The prime minister has summoned the cabinet to discuss the government’s response to the suspected chemical weapons attack in Syria.
Ministers will consider the options for backing military action threatened by the United States and its allies.
Theresa May is prepared to take action against the Assad regime in Syria without first seeking parliamentary consent, sources have told the BBC.
The allies want to prevent a repeat of an apparent chemical attack in Douma.
Mrs May has said “all the indications” are that the Syrian regime of president Bashar al-Assad, which denies mounting a chemical attack, was responsible.
If the cabinet approves UK involvement in military action, that would open the way for British forces to join an operation against Syrian targets that US President Donald Trump has said in a tweet “will be coming”.
During a briefing on Wednesday, however, White House spokeswoman Sarah Sanders appeared to row back on President Trump’s earlier warning to Russia that it should “get ready” for missile strikes against its ally.

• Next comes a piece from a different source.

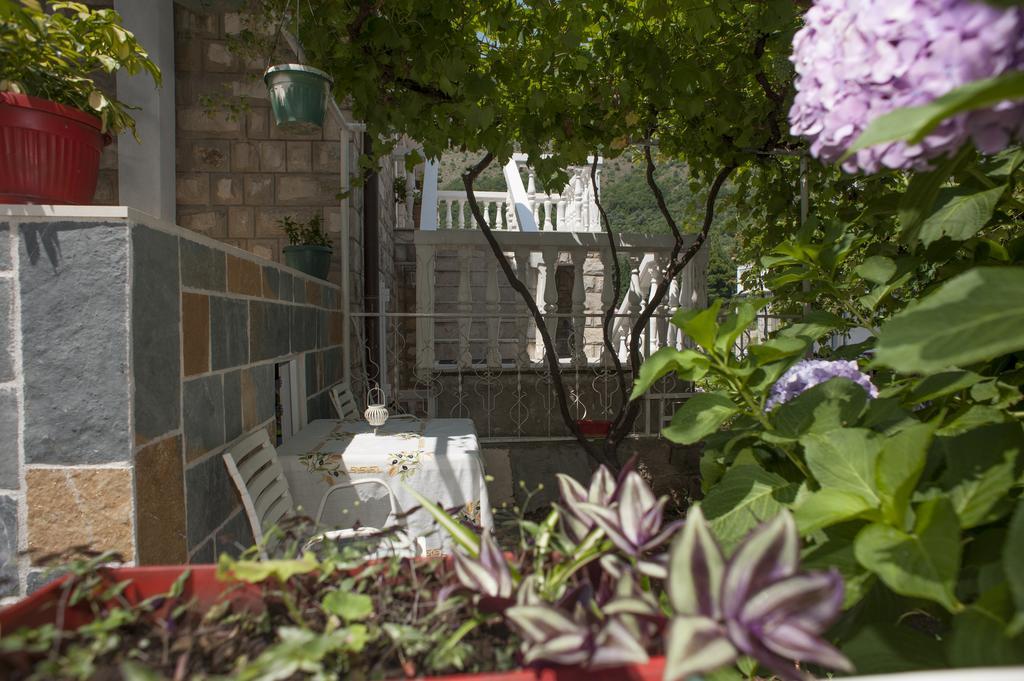 Apartments Peda Свети-Стефан Экстерьер фото
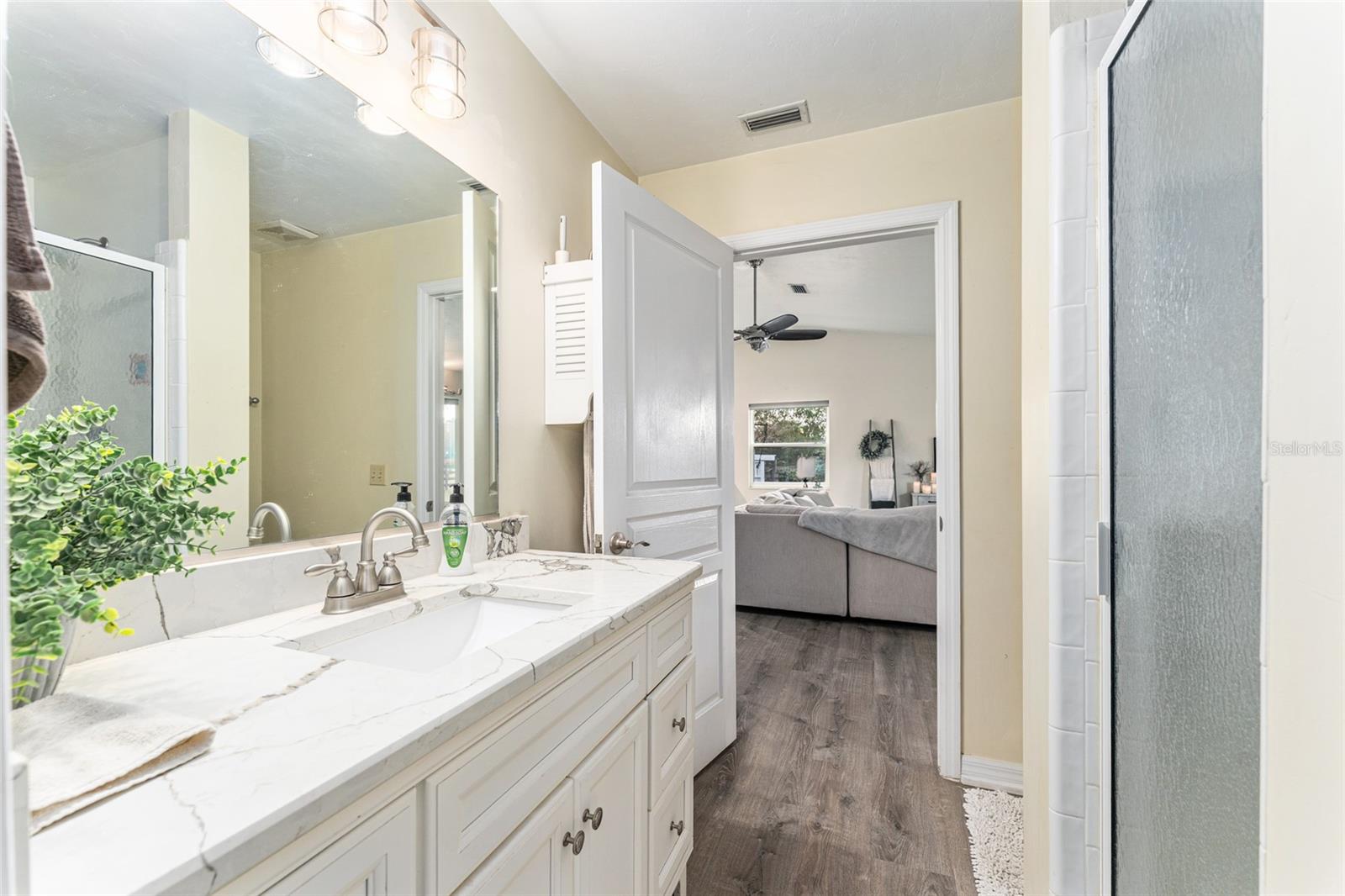 OM717276 Property Photo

She told reporters that the president had “a number of options at his disposal and a number remain on the table”, but added: “We haven’t laid out any specific actions we plan to take.”
Mrs May is reluctant to ask President Trump to hold off any action until she has the opportunity to consult MPs, the BBC understands from well-placed sources.
MPs are due to return to Westminster from the Easter recess on Monday.
Mrs May is still yet to unequivocally point the finger of blame at the Assad government but she has spoken of the need for action “if” the regime is found to bear responsibility.
BBC diplomatic correspondent James Landale said the cabinet was expected to back the PM, but she seems willing to act without the express support of Parliament.
However, he said this would anger some, including Labour leader Jeremy Corbyn, who believes Parliament should be consulted first.
Mr Corbyn has also warned that bombing could escalate the situation in Syria.
Mrs May has described the alleged use of chemical weapons as a “humanitarian catastrophe” that “cannot go unchallenged”.
She did not comment on Donald Trump’s tweet warning Russia to “get ready” for missiles being fired at its ally Syria.